REQUIREMENT
The lines from the start of the records through the one containing "MÓDULO ABS RENAULT" are to be transcribed exactly, and nothing else.

(EXERCISE INPUTS begins)

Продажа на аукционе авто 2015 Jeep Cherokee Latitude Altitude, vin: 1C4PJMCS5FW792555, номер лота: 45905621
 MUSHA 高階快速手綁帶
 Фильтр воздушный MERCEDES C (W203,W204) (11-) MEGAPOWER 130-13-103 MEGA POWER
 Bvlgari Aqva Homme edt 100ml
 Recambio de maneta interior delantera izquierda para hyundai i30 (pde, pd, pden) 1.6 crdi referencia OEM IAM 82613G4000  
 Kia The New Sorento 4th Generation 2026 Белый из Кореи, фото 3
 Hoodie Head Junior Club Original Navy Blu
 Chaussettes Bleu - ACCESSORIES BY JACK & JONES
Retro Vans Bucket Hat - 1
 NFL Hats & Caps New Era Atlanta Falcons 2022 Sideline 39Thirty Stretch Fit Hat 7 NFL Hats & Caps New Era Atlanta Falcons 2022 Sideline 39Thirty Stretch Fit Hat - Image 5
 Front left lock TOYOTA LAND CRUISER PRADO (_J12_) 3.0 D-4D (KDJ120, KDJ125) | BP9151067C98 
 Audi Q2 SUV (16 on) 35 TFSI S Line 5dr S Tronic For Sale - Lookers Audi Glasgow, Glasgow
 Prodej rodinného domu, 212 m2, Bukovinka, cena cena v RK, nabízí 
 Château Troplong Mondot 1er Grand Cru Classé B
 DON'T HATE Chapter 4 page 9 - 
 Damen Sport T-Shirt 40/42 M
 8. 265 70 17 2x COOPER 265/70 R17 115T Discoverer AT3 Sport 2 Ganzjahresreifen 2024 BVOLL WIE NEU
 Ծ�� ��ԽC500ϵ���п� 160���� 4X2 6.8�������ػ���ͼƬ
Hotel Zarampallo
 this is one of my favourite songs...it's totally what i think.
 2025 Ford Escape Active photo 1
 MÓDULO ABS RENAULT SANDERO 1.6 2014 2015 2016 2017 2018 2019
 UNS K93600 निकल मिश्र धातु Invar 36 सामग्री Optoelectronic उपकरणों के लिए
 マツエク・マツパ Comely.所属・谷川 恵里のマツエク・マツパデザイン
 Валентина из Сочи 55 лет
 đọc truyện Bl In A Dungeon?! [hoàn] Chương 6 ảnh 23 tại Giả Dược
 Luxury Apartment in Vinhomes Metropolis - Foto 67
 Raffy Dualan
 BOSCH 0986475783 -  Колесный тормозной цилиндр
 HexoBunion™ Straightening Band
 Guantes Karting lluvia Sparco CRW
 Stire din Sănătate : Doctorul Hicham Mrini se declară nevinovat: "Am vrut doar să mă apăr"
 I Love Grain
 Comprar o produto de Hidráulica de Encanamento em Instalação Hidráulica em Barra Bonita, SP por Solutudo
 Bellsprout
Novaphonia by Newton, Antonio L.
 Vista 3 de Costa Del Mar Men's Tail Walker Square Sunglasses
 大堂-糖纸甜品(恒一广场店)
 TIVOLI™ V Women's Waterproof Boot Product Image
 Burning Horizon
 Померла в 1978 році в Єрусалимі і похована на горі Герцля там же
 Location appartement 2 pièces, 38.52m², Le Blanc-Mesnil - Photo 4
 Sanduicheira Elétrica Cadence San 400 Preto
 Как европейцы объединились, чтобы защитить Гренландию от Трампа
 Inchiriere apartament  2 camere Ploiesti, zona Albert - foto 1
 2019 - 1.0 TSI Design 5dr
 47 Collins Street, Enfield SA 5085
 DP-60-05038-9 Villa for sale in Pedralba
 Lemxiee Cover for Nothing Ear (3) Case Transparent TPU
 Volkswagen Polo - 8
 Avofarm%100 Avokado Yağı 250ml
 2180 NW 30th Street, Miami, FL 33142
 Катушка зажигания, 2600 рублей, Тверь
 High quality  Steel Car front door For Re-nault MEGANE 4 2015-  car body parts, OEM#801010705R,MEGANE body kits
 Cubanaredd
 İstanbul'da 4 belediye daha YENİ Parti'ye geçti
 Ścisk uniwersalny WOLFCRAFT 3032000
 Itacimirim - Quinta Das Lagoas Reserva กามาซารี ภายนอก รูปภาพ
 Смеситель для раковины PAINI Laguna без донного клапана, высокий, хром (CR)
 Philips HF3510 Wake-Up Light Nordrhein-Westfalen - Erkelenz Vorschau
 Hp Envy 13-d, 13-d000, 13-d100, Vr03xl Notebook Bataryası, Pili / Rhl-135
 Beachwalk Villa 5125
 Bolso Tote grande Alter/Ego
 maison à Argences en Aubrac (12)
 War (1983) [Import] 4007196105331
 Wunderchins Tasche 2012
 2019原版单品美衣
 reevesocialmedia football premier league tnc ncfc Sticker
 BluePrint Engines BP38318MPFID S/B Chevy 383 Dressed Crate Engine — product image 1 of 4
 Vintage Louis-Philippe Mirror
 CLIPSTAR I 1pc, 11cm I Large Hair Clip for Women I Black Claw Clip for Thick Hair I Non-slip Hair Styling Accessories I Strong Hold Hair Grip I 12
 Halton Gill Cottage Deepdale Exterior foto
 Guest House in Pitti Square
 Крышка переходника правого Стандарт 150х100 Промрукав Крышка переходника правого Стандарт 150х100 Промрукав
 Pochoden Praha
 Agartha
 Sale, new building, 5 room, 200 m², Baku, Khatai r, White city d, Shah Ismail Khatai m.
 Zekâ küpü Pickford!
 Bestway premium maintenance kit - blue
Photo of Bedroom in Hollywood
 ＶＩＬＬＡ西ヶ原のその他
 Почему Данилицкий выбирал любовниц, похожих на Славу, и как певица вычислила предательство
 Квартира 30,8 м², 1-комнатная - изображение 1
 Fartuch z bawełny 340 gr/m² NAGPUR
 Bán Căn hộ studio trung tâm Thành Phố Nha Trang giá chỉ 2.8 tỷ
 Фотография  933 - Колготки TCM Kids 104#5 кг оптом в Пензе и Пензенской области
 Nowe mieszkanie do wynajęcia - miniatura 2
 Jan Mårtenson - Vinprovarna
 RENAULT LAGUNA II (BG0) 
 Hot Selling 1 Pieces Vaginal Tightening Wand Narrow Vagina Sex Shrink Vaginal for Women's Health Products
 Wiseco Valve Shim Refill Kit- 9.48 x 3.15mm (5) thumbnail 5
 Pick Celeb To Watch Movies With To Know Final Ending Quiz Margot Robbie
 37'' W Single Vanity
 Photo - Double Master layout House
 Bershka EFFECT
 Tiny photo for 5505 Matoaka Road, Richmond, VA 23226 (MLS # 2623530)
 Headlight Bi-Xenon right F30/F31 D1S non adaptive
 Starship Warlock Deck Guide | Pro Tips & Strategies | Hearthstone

(EXERCISE INPUTS ends)

SOLUTION BELOW
Продажа на аукционе авто 2015 Jeep Cherokee Latitude Altitude, vin: 1C4PJMCS5FW792555, номер лота: 45905621
 MUSHA 高階快速手綁帶
 Фильтр воздушный MERCEDES C (W203,W204) (11-) MEGAPOWER 130-13-103 MEGA POWER
 Bvlgari Aqva Homme edt 100ml
 Recambio de maneta interior delantera izquierda para hyundai i30 (pde, pd, pden) 1.6 crdi referencia OEM IAM 82613G4000  
 Kia The New Sorento 4th Generation 2026 Белый из Кореи, фото 3
 Hoodie Head Junior Club Original Navy Blu
 Chaussettes Bleu - ACCESSORIES BY JACK & JONES
Retro Vans Bucket Hat - 1
 NFL Hats & Caps New Era Atlanta Falcons 2022 Sideline 39Thirty Stretch Fit Hat 7 NFL Hats & Caps New Era Atlanta Falcons 2022 Sideline 39Thirty Stretch Fit Hat - Image 5
 Front left lock TOYOTA LAND CRUISER PRADO (_J12_) 3.0 D-4D (KDJ120, KDJ125) | BP9151067C98 
 Audi Q2 SUV (16 on) 35 TFSI S Line 5dr S Tronic For Sale - Lookers Audi Glasgow, Glasgow
 Prodej rodinného domu, 212 m2, Bukovinka, cena cena v RK, nabízí 
 Château Troplong Mondot 1er Grand Cru Classé B
 DON'T HATE Chapter 4 page 9 - 
 Damen Sport T-Shirt 40/42 M
 8. 265 70 17 2x COOPER 265/70 R17 115T Discoverer AT3 Sport 2 Ganzjahresreifen 2024 BVOLL WIE NEU
 Ծ�� ��ԽC500ϵ���п� 160���� 4X2 6.8�������ػ���ͼƬ
Hotel Zarampallo
 this is one of my favourite songs...it's totally what i think.
 2025 Ford Escape Active photo 1
 MÓDULO ABS RENAULT SANDERO 1.6 2014 2015 2016 2017 2018 2019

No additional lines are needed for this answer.